YOUR ASSIGNMENT →
Look below for the line containing "French Navy / S" and the line containing "The Supplementary Benefit"; repeat exactly those two lines and all lines between them, and nothing else.

GIVEN ENTRIES →
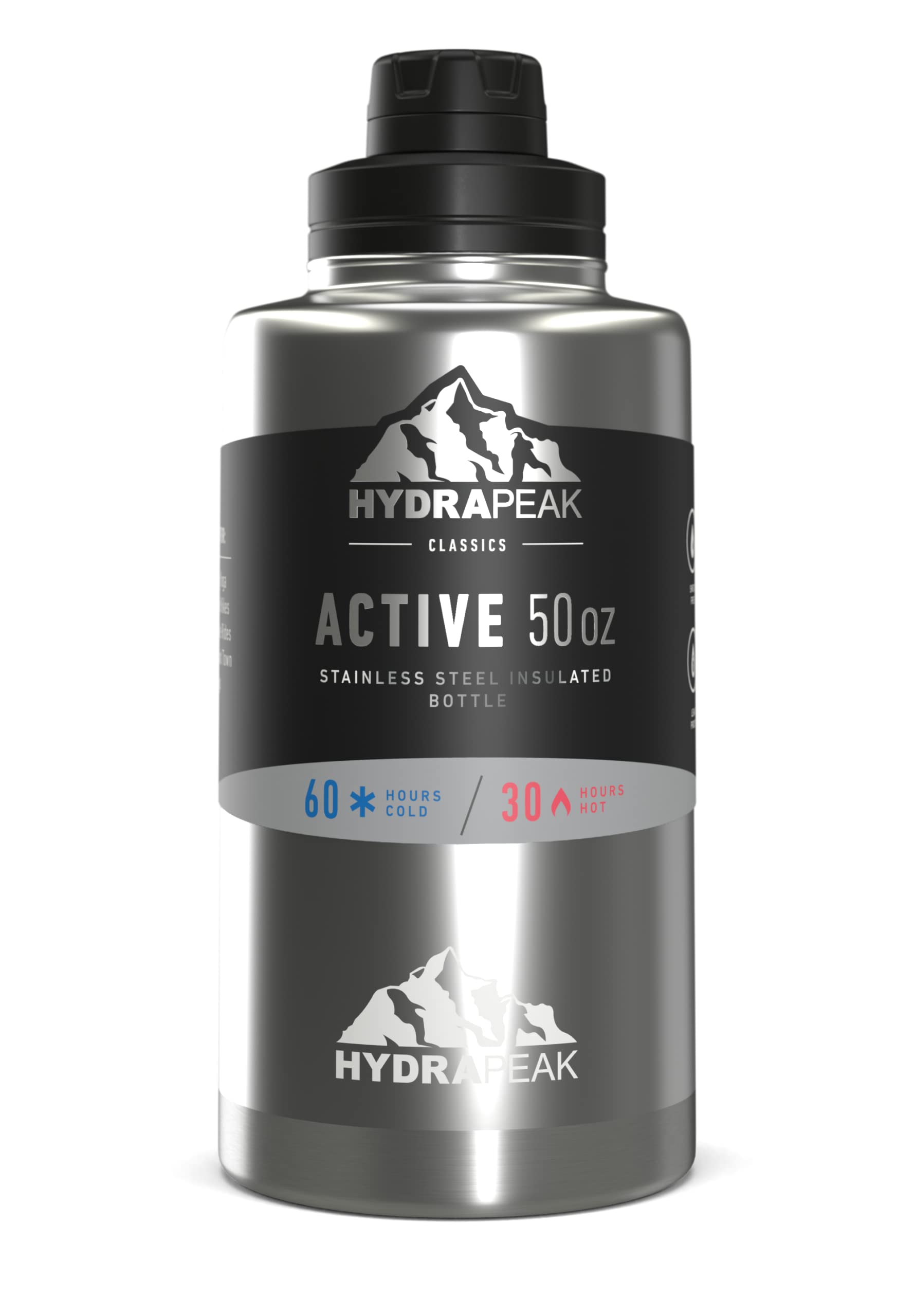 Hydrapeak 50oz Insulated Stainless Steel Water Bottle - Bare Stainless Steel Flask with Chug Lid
* * *
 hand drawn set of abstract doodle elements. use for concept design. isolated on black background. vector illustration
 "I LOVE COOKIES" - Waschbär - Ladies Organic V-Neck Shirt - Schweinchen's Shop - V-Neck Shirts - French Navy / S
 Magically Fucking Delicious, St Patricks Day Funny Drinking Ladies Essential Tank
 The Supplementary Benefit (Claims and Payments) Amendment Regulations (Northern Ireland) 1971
...
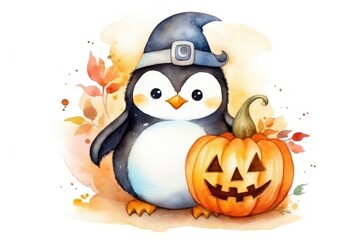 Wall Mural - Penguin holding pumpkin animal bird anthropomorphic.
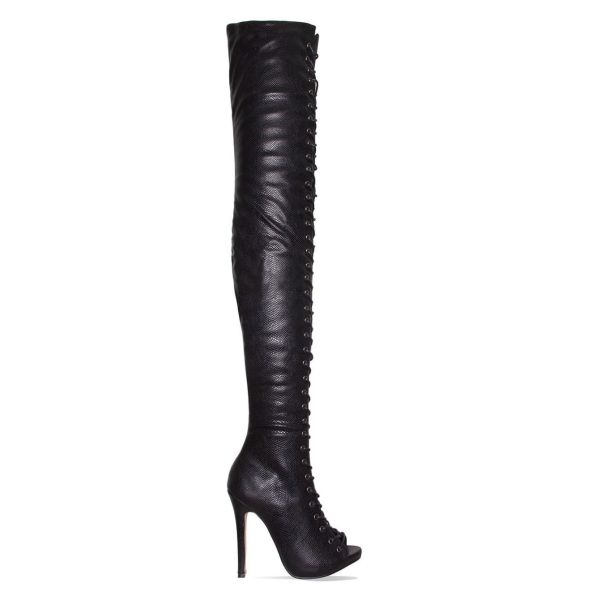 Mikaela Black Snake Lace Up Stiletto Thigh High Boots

EXERCISE RESPONSE →
 "I LOVE COOKIES" - Waschbär - Ladies Organic V-Neck Shirt - Schweinchen's Shop - V-Neck Shirts - French Navy / S
 Magically Fucking Delicious, St Patricks Day Funny Drinking Ladies Essential Tank
 The Supplementary Benefit (Claims and Payments) Amendment Regulations (Northern Ireland) 1971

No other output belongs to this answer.